Given that Tulane lawyers throughout history have been instrumental in developing Louisiana trust law, it is no wonder that recent graduates continue to flock to the study and practice of trust law.
“Studying successions at Tulane made me excited about working in the area of trust law. I was drawn to this field because as I learned at Tulane, practicing in the area of trust law presents an opportunity to work with clients to enact plans that give them peace of mind that their wishes will be carried out and to assist clients with their goals of wealth preservation and family business continuity for future generations,” said Katelyn Gunn (L’15) who works as Special Counsel at Stone Pigman.
Hobie Hotard (L’20), an Associate at Jones Walker, agrees with Gunn’s assessment of why trust law is such an interesting area of practice.
“Counseling clients on estate and gift tax reduction and preparing wills, trusts, powers of attorney, marital property agreements, and more gives me the ability to help real people and families develop an estate plan and a business succession plan," said Hotard. "Navigating the complex issues of how individuals and foundations can grow and preserve wealth while establishing and administering charitable giving plans is a fascinating area to work in and one that is always developing in the law. Studying trust law at Tulane with professors who are literally writing Louisiana trust law has given me a real advantage in my practice."
“Like many estate planners, I did not expect to be drawn to estate planning when I came to law school. I came to Tulane to do maritime law,” said Joe Trytten (SLA’17, L’19). “But as I took more courses about tax law, property law, and trusts and estates, I gravitated more and more to that field. It’s important, satisfying work, and the estate planning bar is a very congenial group of lawyers. I enjoy how the law is always changing, and there are always new things to learn," he said. "But one thing has not changed throughout my career: my continued reliance on Tulane Law’s faculty for inspiration and expertise in the ever-changing areas of trusts and estates.”
Trytten has since received his LLM in Tax Law at Northwestern University's Pritzker School of Law, and now practices estate planning in Chicago.
Reflecting on the student interest in trust law, Richardson noted the deep roots of civil and comparative law at Tulane Law School.
“Comparative law and civil law are part and parcel to Tulane Law School, and they are fundamental to Louisiana trust law. From the founding of Tulane Law in 1847, we have recognized the importance of the study of comparative law.

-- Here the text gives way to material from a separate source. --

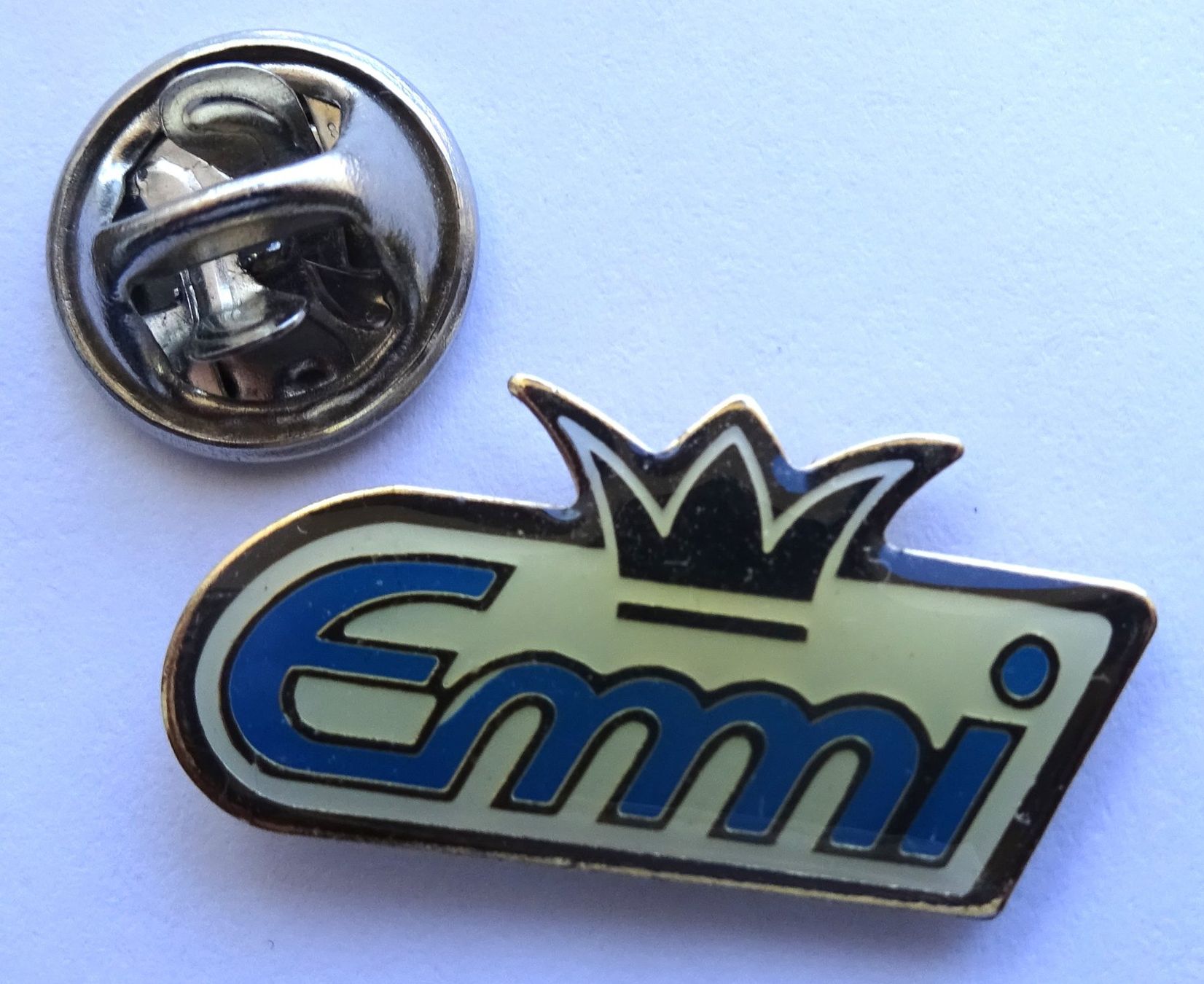 Plaquettes & Badges: Pin EMMI Milch LOGO – D'occasion à Utzenstorf par BUtter81
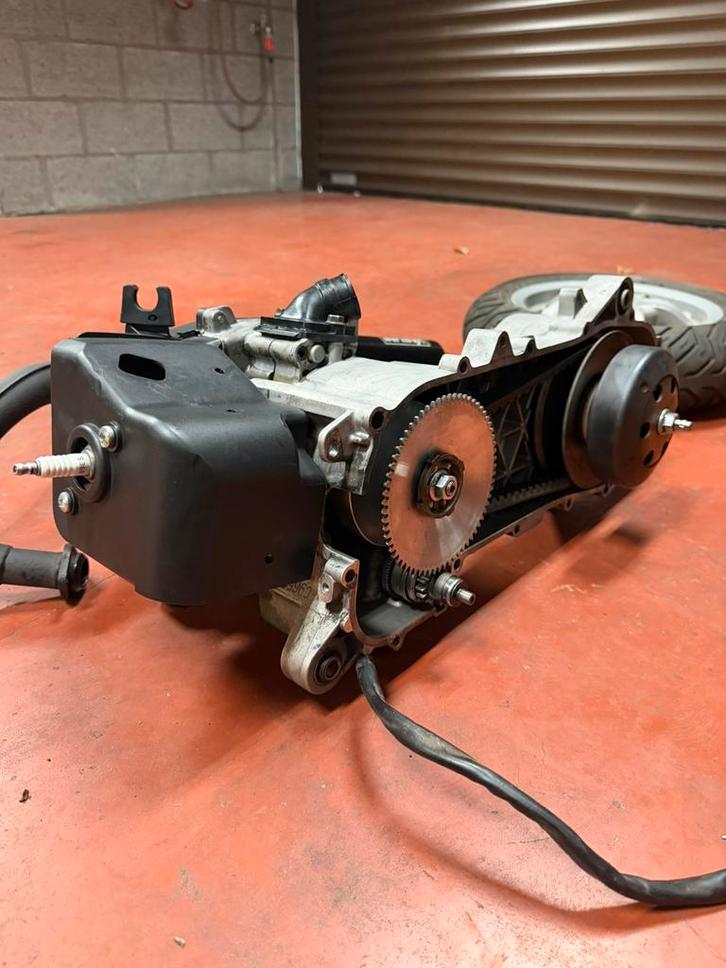 Piaggio zip 70cc motorblok, Fietsen en Brommers, Brommeronderdelen | Scooters, Gebruikt, Piaggio, Blok, Ophalen of Verzenden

If you look back at the origins of trust law in Louisiana going back to the days of Judge John Minor Wisdom, you find a rich comparative legal history in the area that continues today.”
Tulane Law’s strength in training trust and estate lawyers makes it unsurprising that Tulane’s Estate Planning Institute is also a bedrock of the institution. In November 2023, the Tulane Estate Planning Institute held its 32nd annual conference with more than 125 area estate planners in attendance.
“Every year we are able to bring in the best and brightest lawyers in the area of Louisiana trust law and help continue education in the field,” said Professor Scalise, who runs the Tulane Estate Planning Institute. “It’s a great opportunity to highlight the unmatchable talent Tulane Law produces in the area of trusts and estates.”